Talk Title | Python scalability: A convenient truth |
Speakers | Travis Oliphant (Continuum Analytics) |
Conference | Strata + Hadoop World |
Conf Tag | Big Data Expo |
Location | San Jose, California |
Date | March 29-31, 2016 |
URL | Talk Page |
Slides | Talk Slides |
Video | |
Python is the fastest-growing data science language and is used in production at many of the Fortune 500 companies for everything from software engineering to data engineering to rapid analytics. Despite its easy-to-learn nature and its simple syntax, Python packs surprising amounts of power and performance right out of the box. For instance, many of the newest innovations in the big data ecosystem, such as columnar storage, dataflow programming, and stream processing, can all be expressed in a relatively straightforward manner using Python. Unfortunately, it is also very easy to implement Python in ways that impede its ability to scale. For instance, many Hadoop practitioners fail to consider the implications of serialization overhead when interfacing with tools like R and Python.
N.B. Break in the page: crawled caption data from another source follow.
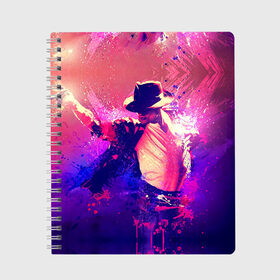 Тетрадь с принтом Michael Jackson в Курске, 100% бумага | 48 листов, плотность листов — 60 г/м2, плотность картонной обложки — 250 г/м2. Листы скреплены сбоку удобной пружинной спиралью. Уголки страниц и обложки скругленные. Цвет линий — светло-серый
 | Тематика изображения на принте: джексон | майкл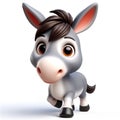 3D donkey funny cartoon. Farm animals. AI generated Royalty Free Stock Photo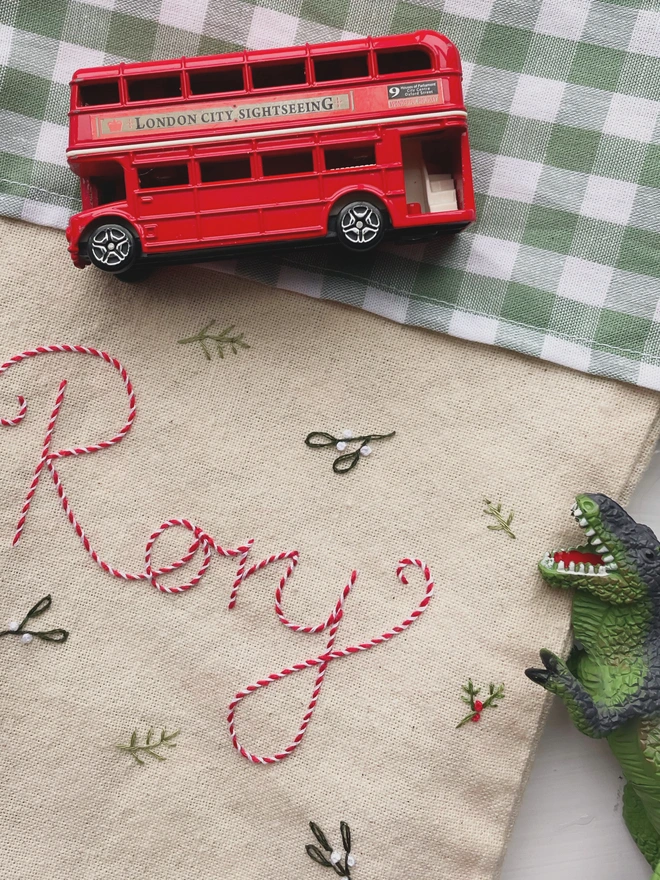 Christmas stocking with the name Rory
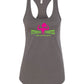 Womens Racerback Tank gray with pink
Others may simply be unaware of the facilities in Python to manage multicore and larger-than-memory workloads and assume that they have to move to complex distributed computing the instant they hit a memory barrier. Travis Oliphant covers the basic concepts that lie at the heart of Python’s scalability and power and defuses myths about its performance limits. Travis looks at a few of the common antipatterns that tend to crop up as people integrate Python with Hadoop and Spark and take it into production-deployment environments. Travis will demonstrate examples of real-world code and scenarios where orders-of-magnitude performance improvement can be achieved by using better data-management techniques and artfully applying modern Python libraries for performance.